> _Provided data_:
--- START ---
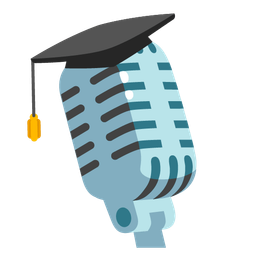 studio microphone and graduation cap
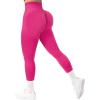 imageSUUKSESS Women Crossover Seamless Leggings Butt Lifting High Waisted Workout Yoga Pants1 Hot Pink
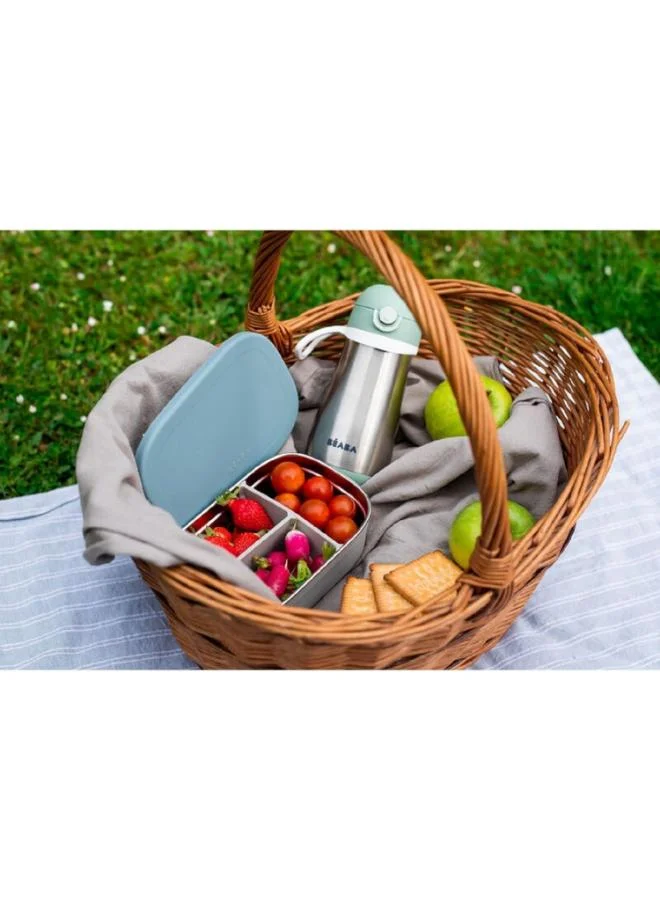BEABA Stainless Steel Lunch Box Velvet Grey And Baltic Blue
--- END ---
> _What you have to do_: With the line containing "imageSUUKSESS Women Crossover" as the first line and the last line of the listing as the final one, reproduce that span exactly, without pictures.

> _Expected output_:
 imageSUUKSESS Women Crossover Seamless Leggings Butt Lifting High Waisted Workout Yoga Pants1 Hot Pink
BEABA Stainless Steel Lunch Box Velvet Grey And Baltic Blue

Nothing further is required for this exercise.